As part of that deal, the Fed is extending Chase a $30 billion federally guaranteed line of credit.
That move is the latest of many the Fed has taken to calm jittery credit markets, where money is raised for a host of things, including credit cards, auto loans and mortgages.
The Fed’s other moves include making more money available to banks and brokerage firms, or making them more liquid.
“They are trying to melt down this iceberg of illiquidity (that has) frozen all of the markets up,” said Roy Smith, a professor of finance at New York University’s Stern School of Business.
Several experts spoke Monday about what Wall Street’s debacle and the Fed’s response could mean to consumers.
Question: What does all of this add up to for Main Street?
Answer: “By protecting Bear Stearns from failure, the Fed prevents the ripple effect,” said Pearl Kamer, chief economist at the Long Island Association in New York. “It keeps the pipeline open. Creditworthy individuals or businesses can still get a loan. Had the credit markets frozen up completely, that would not have been possible.”

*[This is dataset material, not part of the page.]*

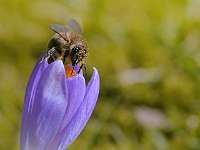 037_2013-04-02 14-30-04(1)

“Oil is more expensive because of what’s been going on in the Wall Street crisis,” said Steve Gross, a principal at Penso Capital Markets, an investment firm in Cedarhurst, N.Y. “Imports are more expensive, and housing prices are going down.”
Q.: What does this mean for consumer credit, such things as mortgages and credit cards?

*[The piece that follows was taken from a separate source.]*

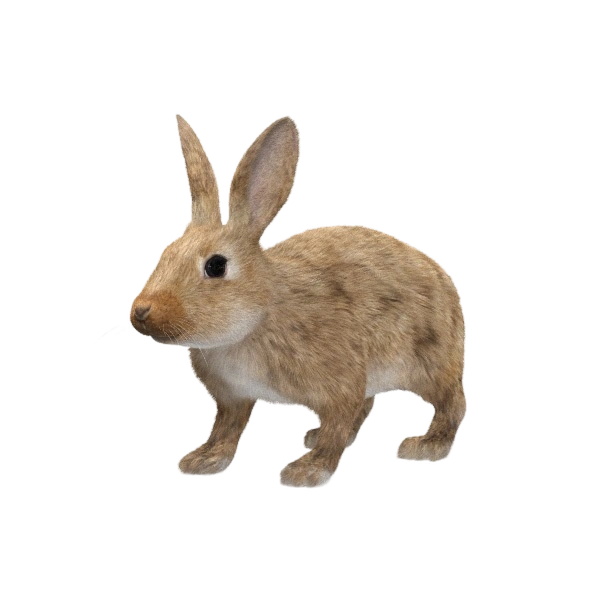 Rabbit.png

A.: The crisis is causing the banks “to overcorrect to achieve the balance they are optimally seeking,” said Kris Niswander, associate director of financial institutions at SNL Financial in Charlottesville, Va. “You are not going to find (mortgages with) 95 percent (financing). You are going to be required to have larger down payments. Banks “are going to do their due diligence a little heavier now than they were doing six months ago.”
“Home equity lines of credit will be harder to get,” Kamer said.
And it’s going to be tough for consumers to “raise ceilings on credit cards.”
Q.: Will the Fed’s moves stave off a recession?
A.: “I think we are in a recession,” Kamer said. “What the Fed did was try to prevent it from becoming a deeper and longer recession.”
Q.: Is the Bear Stearns rescue just the tip of the iceberg?
A.: “We are at the beginning of a long process of de-leveraging ... squeezing the debt out of the economy,” Kamer said. “I think it has a couple of years to run out, and we don’t know what is going to be popping up.”